ASSIGNMENT
Reproduce exactly the lines from the one containing "17101 Highway 7, Minnetonka, MN 55345" through the last line of the data, both ends included.
'''
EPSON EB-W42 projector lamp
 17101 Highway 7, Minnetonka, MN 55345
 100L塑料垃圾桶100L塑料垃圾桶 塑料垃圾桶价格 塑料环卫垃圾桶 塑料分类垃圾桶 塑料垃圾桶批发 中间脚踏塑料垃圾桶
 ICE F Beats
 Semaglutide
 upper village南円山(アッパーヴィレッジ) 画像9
'''
SOLUTION FOR THIS PROBLEM
 17101 Highway 7, Minnetonka, MN 55345
 100L塑料垃圾桶100L塑料垃圾桶 塑料垃圾桶价格 塑料环卫垃圾桶 塑料分类垃圾桶 塑料垃圾桶批发 中间脚踏塑料垃圾桶
 ICE F Beats
 Semaglutide
 upper village南円山(アッパーヴィレッジ) 画像9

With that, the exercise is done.